Sunnyone22 - the major factor in my decision not to pursue chemotherapy was clear lymph nodes; the ER+ 98% was something my MO felt was a real positive too as the higher the percentage the more sensitive the tumor to hormonal therapy (my layperson's translation of her words - happy to stand corrected if I'm wrong on the exactness, but she did cite the high percentage as an additional factor her recommendation - all the other oncs consulted agreed). The Zoleta I will eventually be taking will combat bone loss to the Arimidex but is also believed to give an added layer of protection against recurrence in early breast cancer for post-menopausal women. You can google that to get more information. All in all, it was everyone's feeling that I'm getting enough protection with radiation, the Arimidex and the Zoleta. Every case is different, so always important to get more than one opinion.

Sunnyone22

Grazy, thanks for the info about high ER+%. Mine was high too (100%+) . It makes sense that an AI (which blocks the creation of estrogen from androgen) would be very effective on high ER% tumors. My Pr was positive but low which is a challenge but not enough to warrant a change in my treatment. (Also, no chemo because it's not as effective on ILC.) Zoleta wasn't indicated for me because my most recent bone scan showed normal bone density for my age. Are you taking it as a preventative or do you have an osteoporosis risk?

Grazy

Hi Sunnyone - in answer to your question, it's preventative.

BarredOwl

Regarding time to chemotherapy (TTC) in the adjuvant setting (where chemotherapy is administered post-surgery), there is this relatively recent study entitled "Delayed Initiation of Adjuvant Chemotherapy Among Patients With Breast Cancer" (unfortunately behind a paywall):

Abstract of article: http://oncology.jamanetwork.com/article.aspx?artic...

Commentary (first page preview available): http://oncology.jamanetwork.com/article.aspx?artic...

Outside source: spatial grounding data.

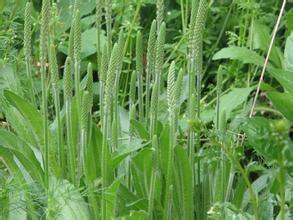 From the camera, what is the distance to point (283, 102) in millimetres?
2523

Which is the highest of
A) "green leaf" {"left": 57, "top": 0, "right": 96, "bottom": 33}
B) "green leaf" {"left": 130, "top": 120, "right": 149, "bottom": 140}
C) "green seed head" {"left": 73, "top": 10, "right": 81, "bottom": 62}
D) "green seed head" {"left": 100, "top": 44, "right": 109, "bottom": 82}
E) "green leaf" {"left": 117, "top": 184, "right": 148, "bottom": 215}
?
"green leaf" {"left": 57, "top": 0, "right": 96, "bottom": 33}

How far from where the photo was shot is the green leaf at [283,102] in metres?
2.50

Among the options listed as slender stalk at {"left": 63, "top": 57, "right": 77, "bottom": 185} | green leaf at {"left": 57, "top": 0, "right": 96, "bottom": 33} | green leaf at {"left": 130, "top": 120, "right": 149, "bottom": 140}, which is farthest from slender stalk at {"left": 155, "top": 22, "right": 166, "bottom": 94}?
green leaf at {"left": 57, "top": 0, "right": 96, "bottom": 33}

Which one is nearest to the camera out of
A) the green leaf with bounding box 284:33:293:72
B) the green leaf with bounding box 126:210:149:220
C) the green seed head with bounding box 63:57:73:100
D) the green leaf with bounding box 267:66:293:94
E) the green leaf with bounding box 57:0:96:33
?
the green leaf with bounding box 126:210:149:220

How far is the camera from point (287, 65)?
2.71 meters

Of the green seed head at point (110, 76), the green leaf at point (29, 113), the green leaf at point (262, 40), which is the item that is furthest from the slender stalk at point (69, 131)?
the green leaf at point (262, 40)

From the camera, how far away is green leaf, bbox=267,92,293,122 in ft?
8.20

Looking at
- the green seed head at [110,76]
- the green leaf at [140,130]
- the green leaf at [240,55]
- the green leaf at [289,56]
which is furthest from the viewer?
the green leaf at [240,55]

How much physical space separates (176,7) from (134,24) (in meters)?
0.81

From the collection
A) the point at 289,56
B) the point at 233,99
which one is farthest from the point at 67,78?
the point at 233,99

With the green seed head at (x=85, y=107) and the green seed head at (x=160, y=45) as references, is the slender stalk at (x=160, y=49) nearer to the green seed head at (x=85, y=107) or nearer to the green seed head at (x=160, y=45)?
the green seed head at (x=160, y=45)

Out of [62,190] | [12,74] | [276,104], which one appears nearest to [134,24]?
[12,74]

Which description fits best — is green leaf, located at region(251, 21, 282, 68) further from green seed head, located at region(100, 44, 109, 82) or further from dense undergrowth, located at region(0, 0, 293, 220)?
green seed head, located at region(100, 44, 109, 82)

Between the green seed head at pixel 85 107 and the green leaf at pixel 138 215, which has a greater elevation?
the green seed head at pixel 85 107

BC.org summary: http://www.breastcancer.org/research-news/timely-t...

BarredOwl

Fe_Princess

ChiSandy, I am glad you had a good time in Switzerland. The prices are shocking! My surgery went well but I am completely bashed by the operation. I had do go right back under after the surgery because they thought I had a hematoma. The drains are killing me. I had had a mammogram a week before and they found a lot of breast tissue left over so I had to have that removed too. There is close watch on right breast too now.

4444Princess, follow your gut instincts about chemo. I did not take it because I did not want to destroy my body. I am. sorry you are having such a hard time but it is so appropriate. Five surgeries and a year after diagnosis, I am still reeling from it all. I think we can only digest a little at a time.

Hopeful8201, you can reprimand me anytime you like. I appreciate it. I know I do not know.

dtad

marieB... Im so sorry about your sister. Unfortunately there are many women on the stage 4 boards that had a low oncotype and recurrence score. It just tells me that recurrence is more of a crap shoot that anything else! Its so frustrating. Good luck to all of you fighting this disease....

Hopeful82014

FePrincess - It sounds like you've been through the wringer. I hope you can take all the time necessary to recover. Sorry to hear that your right breast is looking iffy now, too.